Подготовка к эксперименту

• Приготовить 0,01 М фосфатно-солевой буфер (PBS) (рН 7,0-7,4), 3% H₂O₂ и 0,3% H₂O₂.
• Приготовить первичные антитела и соответствующие HRP-меченные вторичные антитела, а также раствор для восстановления антигена (выбрать подходящий в зависимости от типа ткани и антитела).
• В соответствии с таблицей ниже приготовить рабочий раствор TSA для окрашивания.

• После размораживания флуоресцентного тирамида пробирку кратковременно центрифугируют, затем тщательно перемешивают.
• Раствор TSA готовится непосредственно перед использованием, хранится в тёмном месте при 4 °С и остаётся эффективным в течение 24 часов.
  

Экспериментальный протокол (пример для тканевых срезов)
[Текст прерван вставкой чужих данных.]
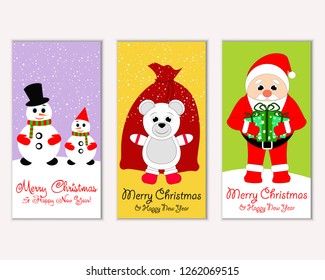 Vector illustration of winter holidays greeting cards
• Обезвоживание и гидратация срезов.
• Реставрация антигена: в зависимости от используемого первичного антитела и типа ткани выбирают подходящий метод.
• Промывка PBS: 3 раза по 5 минут, затем нанесение защитной маркировки (используйте гидрофобный маркер для иммуногистохимии Pap Pen).
• Блокирование эндогенной пероксидазы: покрыть ткани 3% H₂O₂, инкубировать 25 минут в темноте при комнатной температуре. Промыть PBS 3 раза по 5 минут.
• Блокирование неспецифического связывания: нанести 3% BSA или сыворотку на 30 минут.
• Инкубация с первичным антителом: развести антитело в PBS, инкубировать в увлажнённой камере при 4 градусах на ночь. Промыть PBS 3 раза по 5 минут.
• Инкубация с HRP-меченным вторичным антителом: развести в PBS, инкубировать 50 минут при комнатной температуре. Промыть PBS 3 раза по 5 минут.
• Окрашивание TSA-488: нанести 50-100 мкл раствора, инкубировать 10 минут в темноте. Промыть PBS 3 раза по 5 минут.
• Тепловая обработка в микроволновке: помещают срезы в буфер восстановления антигена, нагревают до 95 градусов на 15 минут.
• Повторная инкубация со вторым первичным антителом: аналогично шагу 6.
• Повторная инкубация с HRP-меченным вторичным антителом: аналогично шагу 7.
• Окрашивание TSA-555: аналогично шагу 8.
• Окрашивание ядра DAPI: инкубация 10 минут в темноте, промывка PBS.
• Гашение аутофлуоресценции (опционально): обработка судановым черным (Sudan Black B) 5 минут, промывка проточной водой 3 минуты.
• Закрепление и микроскопия: нанести антифлуоресцентный гаситель, запечатать срез, наблюдать под флуоресцентным или конфокальным микроскопом.

Примечания

• По сравнению с флуоресцентными вторичными антителами, набор TSA обеспечивает высокую чувствительность и мощный сигнал, поэтому концентрацию первичного антитела следует уменьшить в 5-10 раз по сравнению с обычными рекомендациями.
• При сильном фоновом свечении добавить этап гашения аутофлуоресценции.
• Рекомендуемое разведение флуоресцентного тирамида — 1:500 (можно варьировать от 1:200 до 1:1000).
• При множественной флуоресцентной окраске сначала инкубируют поликлональное антитело, затем моноклональное. Также сначала обрабатывают высокоэкспрессируемые белки, затем низкоэкспрессируемые.